"You do not know what you can miss before you try"
About this Quote
The specific intent is to puncture naive optimism without sounding like a scold. Its not anti-ambition; its anti-guarantee. By framing failure as something you have to earn, Adams suggests that ignorance can be protective. Staying put doesnt just keep you safe; it keeps you uninitiated. Experience, in his view, is not a ladder of wins but a catalog of losses you didnt know were possible: opportunities, people, versions of yourself.
The subtext is about risk as a kind of intimacy with the world. To try is to invite the possibility that the world wont meet you halfway. That sting is not incidental; its the price of admission to real knowledge. The line also carries a sly moral realism: regret isnt always the result of inaction. Sometimes its the result of action that reveals what you cared about only after it slipped away.

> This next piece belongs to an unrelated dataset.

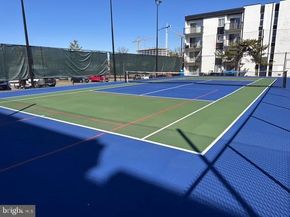 8 S Van Dorn Street 201, Alexandria VA 22304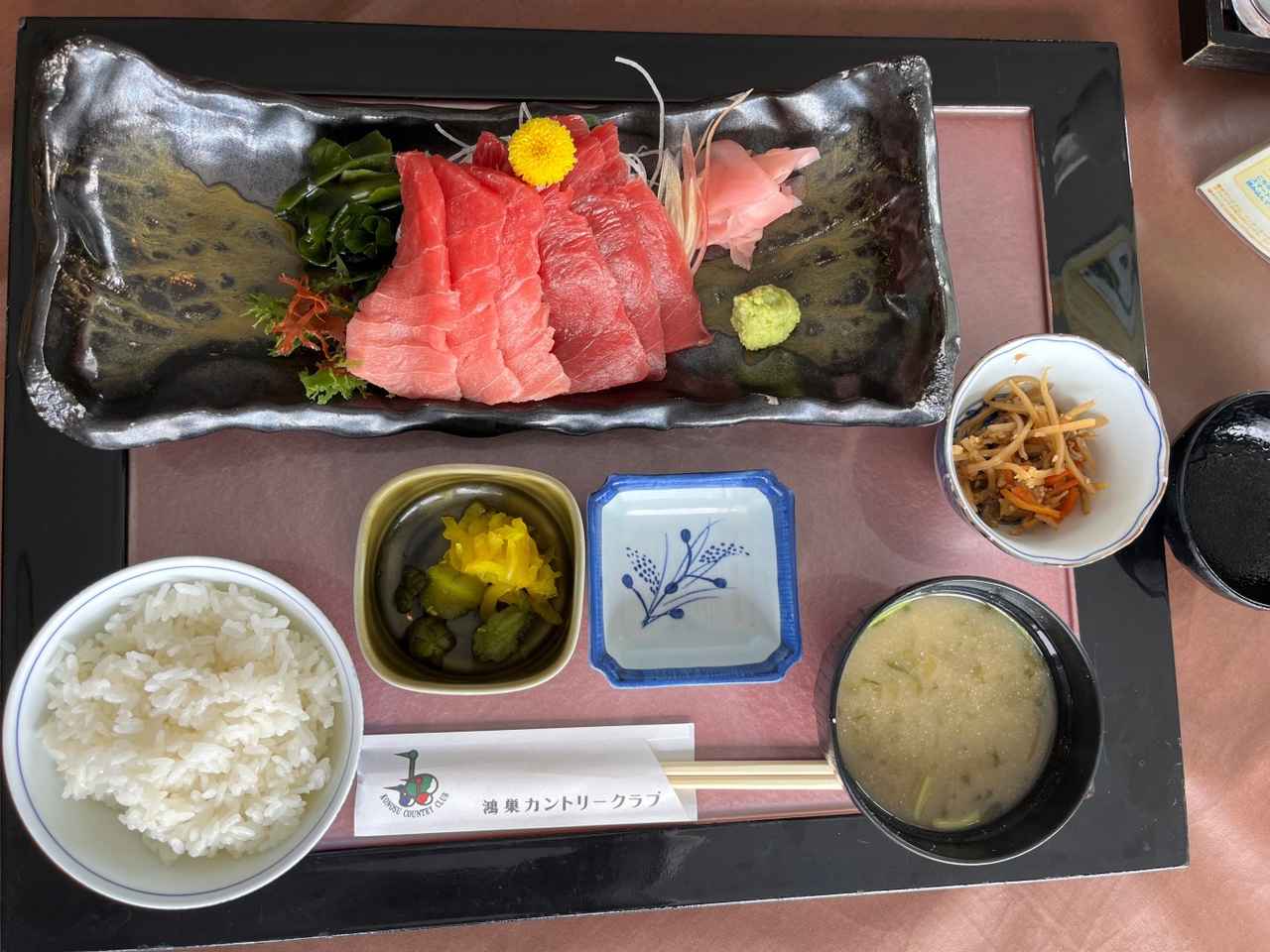 画像: 1日5食限定!まぐろ刺し膳(2145円)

Context matters here. Adams wrote in an era when mass culture was selling hustle, progress, and uplift, often in the same breath as industrial churn and social mobility anxiety. His wit doesnt reject the dream; it quietly annotates it with the fine print.
Quote Details
| Topic | Motivational |
|---|---|
| Source | Help us find the source |
| Cite |
Citation Formats
APA Style (7th ed.)
Adams, Franklin Pierce. (2026, January 16). You do not know what you can miss before you try. FixQuotes. https://fixquotes.com/quotes/you-do-not-know-what-you-can-miss-before-you-try-120214/
Chicago Style
Adams, Franklin Pierce. "You do not know what you can miss before you try." FixQuotes. January 16, 2026. https://fixquotes.com/quotes/you-do-not-know-what-you-can-miss-before-you-try-120214/.
MLA Style (9th ed.)
"You do not know what you can miss before you try." FixQuotes, 16 Jan. 2026, https://fixquotes.com/quotes/you-do-not-know-what-you-can-miss-before-you-try-120214/. Accessed 12 Feb. 2026.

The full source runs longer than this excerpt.